• Tobias Schwarz
  • Extract titles and meta descriptions using a shell script

Extract titles and meta descriptions using a shell script

Wed, Aug 28, 2019

Motivation

I had to extract all Titles and Meta-Descriptions from a small website so they could be optimized.
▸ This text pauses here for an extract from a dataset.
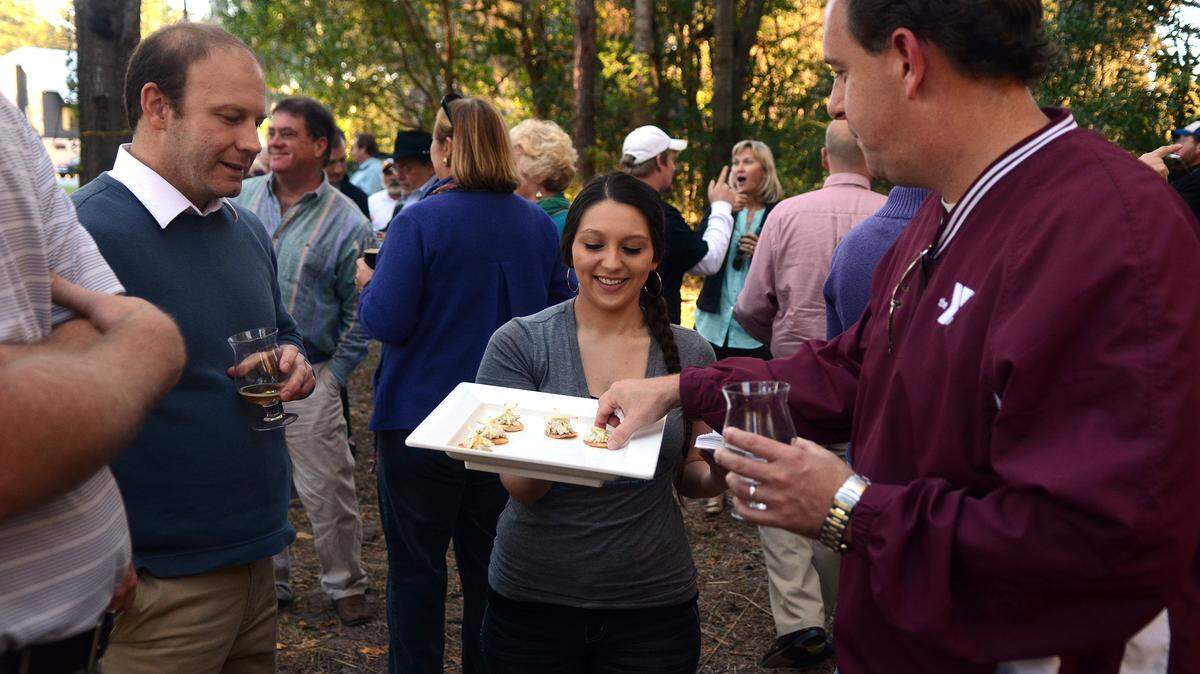 Cassie Bautista, a server at Fat Patties in Beaufort, offers samples to Michael Bostwick, right, and Andy Harper, left, during a gathering the afternoon of Nov. 3, 2014, at the future site of a new Fat Patties restaurant in Old Town Bluffton.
The HTML wasn’t consistent so I decided to write a small script that gets the job done using wget, curl, xmllint and xpath expressions.

The shell script

#!/bin/bash
if [ $1 ]; then
  rm -rf urls.txt metadata.tsv
  wget -m $1 2>&1 | grep '^--' | awk '{ print $3 }' > urls.txt
  rm -f metadata.tsv
  echo -e "URL\tTitle\tMeta-Description\t" > metadata.tsv
  while read -r url; do
    curl -s "$url" > tmp_file
    title=$(cat tmp_file | xmllint --html --xpath '/html/head/title/text()' - 2>/dev/null)
    metadesciption=$(cat tmp_file | xmllint --html --xpath 'string(/html/head/meta[@name="description"]/@content)' - 2>/dev/null)
    echo -e "$url\t$title\t$metadesciption" >> metadata.tsv
  done < "urls.txt"
else
  echo "Usage: ./extract.sh <URL>"
fi
rm -rf urls.txt tmp_file

Usage

To use the script make sure wget, curl and xmllint are installed. Make sure the script is executable and run ./extract.sh https://example.com/.

Notes

The script mirrors the website using wget to generate a list of all URLs. In a second step it fetches all URLs again with curl and extracts the titles and meta descriptions. This is not ideal but I was to lazy to create a solution that only does one request for each URL. Feel free to send me such an solution and I will update this post.